261-258 ・Exciting start-up ceremony



 ――出陣式の当日だ。

「……凄い人だね」

 大聖堂の窓から見える光景に、僕は、少し呆然と呟いた。

 ここは、大聖堂の控室――暗黒大陸への『第5次開拓団』の出陣式の会場は、いつものように聖シュリアン大聖堂なんだ。

 窓の向こうには、大勢の王都国民が集まっている。

 数万人は集まっていそう……。

「あ~、こういうのヤダわ~」

 隣から、同じ景色を見てぼやくソルティスの声がする。

 視線を向ければ、そこには、いつもの冒険者としての格好の上に、真っ白いシュムリア王国の国章が描かれたマントを羽織った少女の姿がある。

 ちょっと格好いい。

 実は、僕も同じマントを羽織っている。

 開拓団のメンバーは、このマントを羽織って出陣式に参加することになっているんだ。

 と、そんな僕ら2人に、

「式の間、ただ立っているだけじゃて。そなたら、そう緊張するな」

 奥のソファーでくつろぐキルトさんが笑う。

 さすが、こういう場には慣れているのか、彼女に緊張した様子は見られない。

 立っているだけ……。

(って、言われてもなぁ)

 これだけの人目にさらされると思うと、やっぱりドキドキしちゃうよ。

 ソルティスも、

「……こっそりさぼったら、駄目かしら」

 なんて呟いている。

 あはは……。

 そんな少女に、キルトさんも苦笑する。

 と、

「さぁ、お茶が入りましたよ。マールとソルもどうぞ」

 イルティミナさんが、声をかけてきた。

 どうやら部屋に備えられていた茶器で、紅茶を用意してくれたみたいだ。

 僕とソルティスは、ソファーに座る。

「ありがと、イルティミナさん。
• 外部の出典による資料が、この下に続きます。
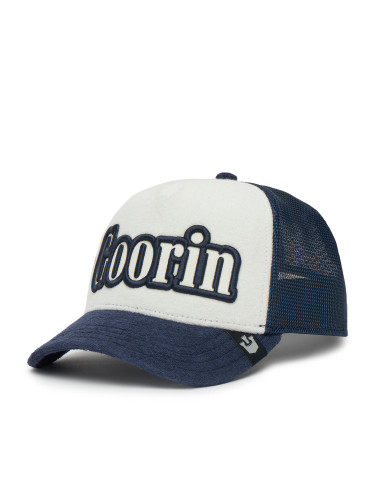 Шапка с козирка Goorin Bros Full Flavor 101-2015-NVY Тъмносин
お茶、もらうね」
「はい、どうぞ」

 優しく笑うお姉さん。

 僕も笑って、お茶を飲む。

(……うん、美味しい)

 香ばしい匂いと渋み、その奥に、ほんのりした甘み。

 ほふぅ。

 硬くなっていた心が、少しだけほぐれた気がするよ。

 ソルティスも吐息をこぼして、表情が少し柔らかくなった気がする。

 そんな僕らに、大人2人も笑った。

 と、その時、

 コンコンコン

 控室の扉がノックされた。

(?)

 開式までは、まだ時間がある。

(誰だろう?)

 僕は「は~い」と立ち上がって、ドアノブを回した。

 カチャッ

 開いた扉の向こうには、

「……やっほ」
「…………」

 眠そうな顔のハイエルフのお姉さんと金髪の幼女の2人組、コロンチュードさんとポーちゃんが立っていた。


 ◇◇◇◇◇◇◇


「コ、コロンチュード様!?」

 ソルティスは、ソファーから勢いよく立ち上がる。

「コロン?」
「おや?」

 キルトさんとイルティミナさんも、驚いた顔をしていた。

 僕も、青い瞳を丸くしてしまう。

「どうしたの、2人とも?」

 と問いかけた。

 コロンチュードさんは、眠そうな声で、

「……ご挨拶」

 と答えた。

(……ご挨拶?)

 キョトンとする僕の前を通って、2人は、キルトさんの正面へと移動した。

「キルキル」

 翡翠色の瞳が、真っ直ぐにキルトさんを見る。

 そこには、いつもと違う真剣な光。

「…………」

 キルトさんも、何かを感じたのか、ソファーから立ち上がった。

 コロンチュードさんの白い手は、隣にいる幼女の背中に触れて、軽く前に押し出した。

「この子を任せるよ」
「…………」
「どうか、私の代わりに守ってあげて」

 はっきりした口調。

 コロンチュードさんは『エルフの国』へと向かうため、この『第5次開拓団』には参加しない。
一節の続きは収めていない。